WHAT TO DO:
Copy nothing but the lines running from the one containing "Сірий Ніссан Ліф, об'ємом" through the end of the listing below. Drop the pictures.

INFORMATION SUPPLIED:
>>>
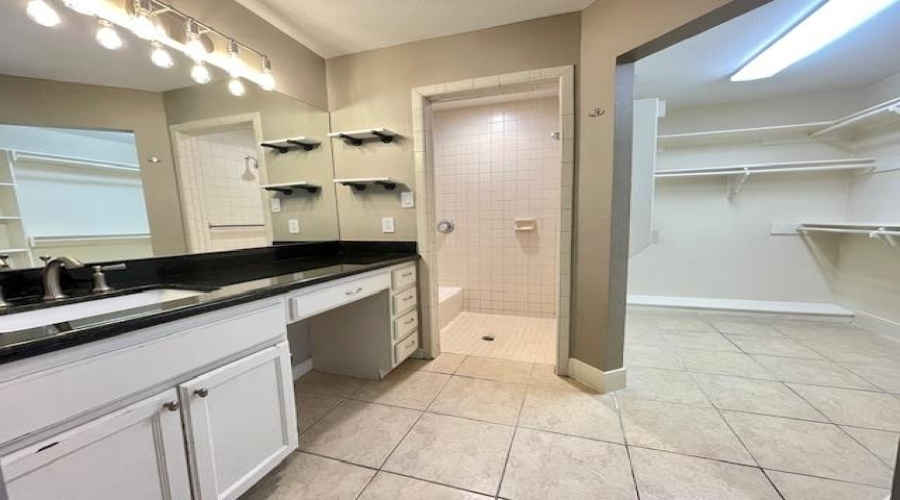 601 Marsh Ln, LAREDO, Texas 78045, 3 Bedrooms Bedrooms, 7 Rooms Rooms,4 BathroomsBathrooms,Residential,For Sale,601 Marsh Ln,20253232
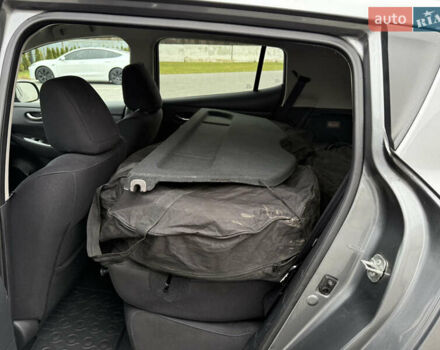 Сірий Ніссан Ліф, об'ємом двигуна 0 л та пробігом 126 тис. км за 5750 $, фото 23 на Automoto.ua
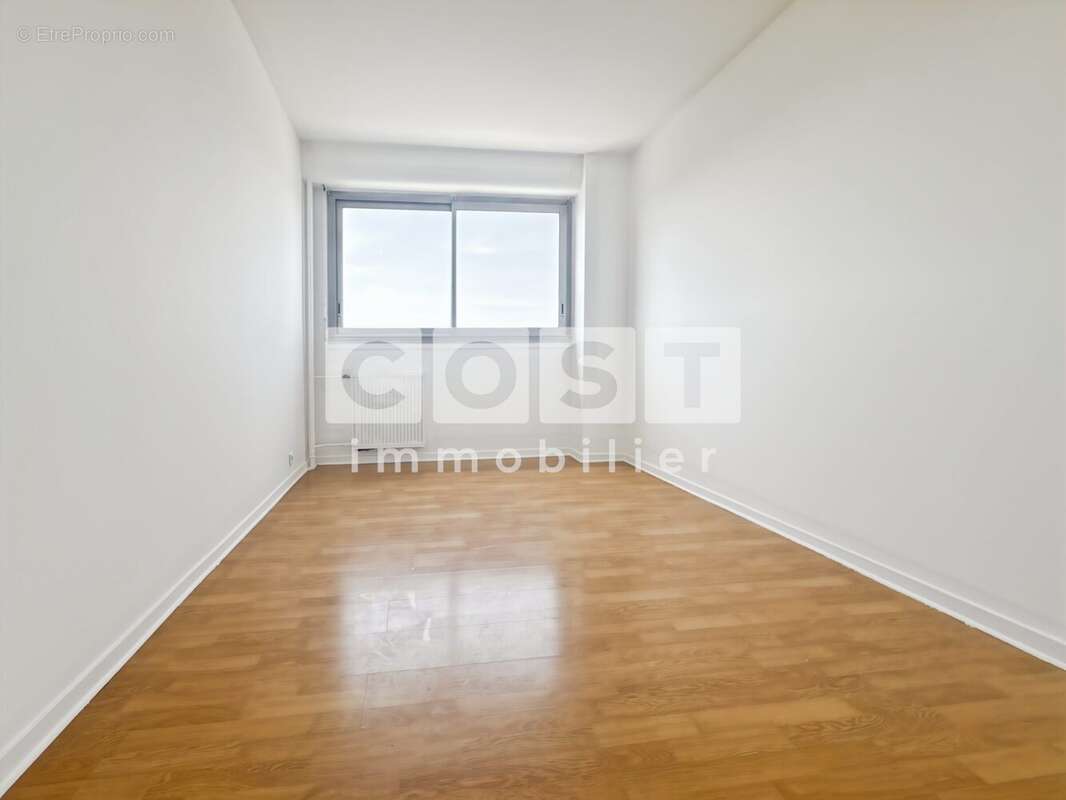 Appartement à COLOMBES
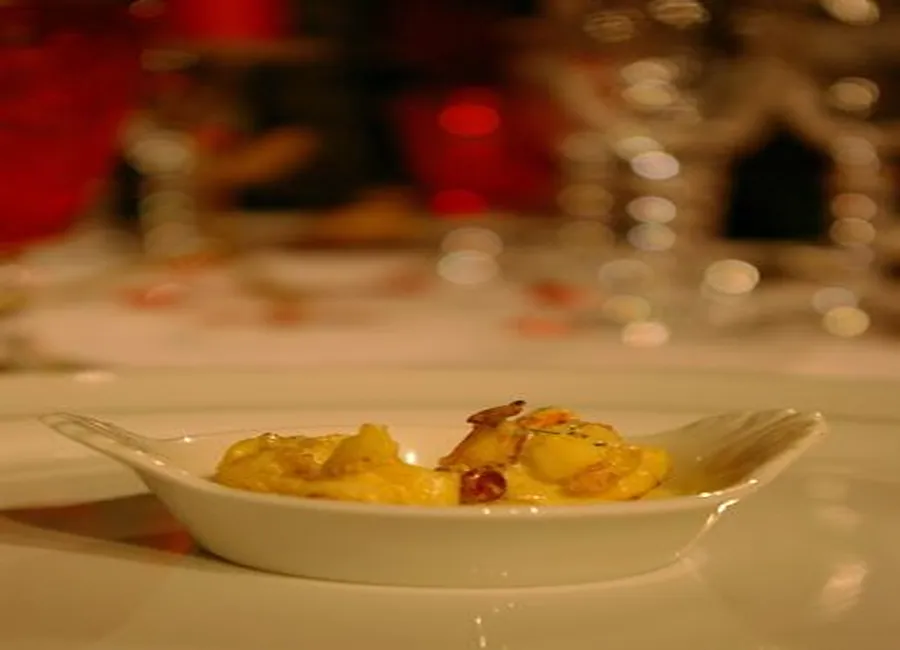 Cassolette de langouste flambée au cognac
<<<
THE ANSWER:
 Сірий Ніссан Ліф, об'ємом двигуна 0 л та пробігом 126 тис. км за 5750 $, фото 23 на Automoto.ua
 Appartement à COLOMBES
 Cassolette de langouste flambée au cognac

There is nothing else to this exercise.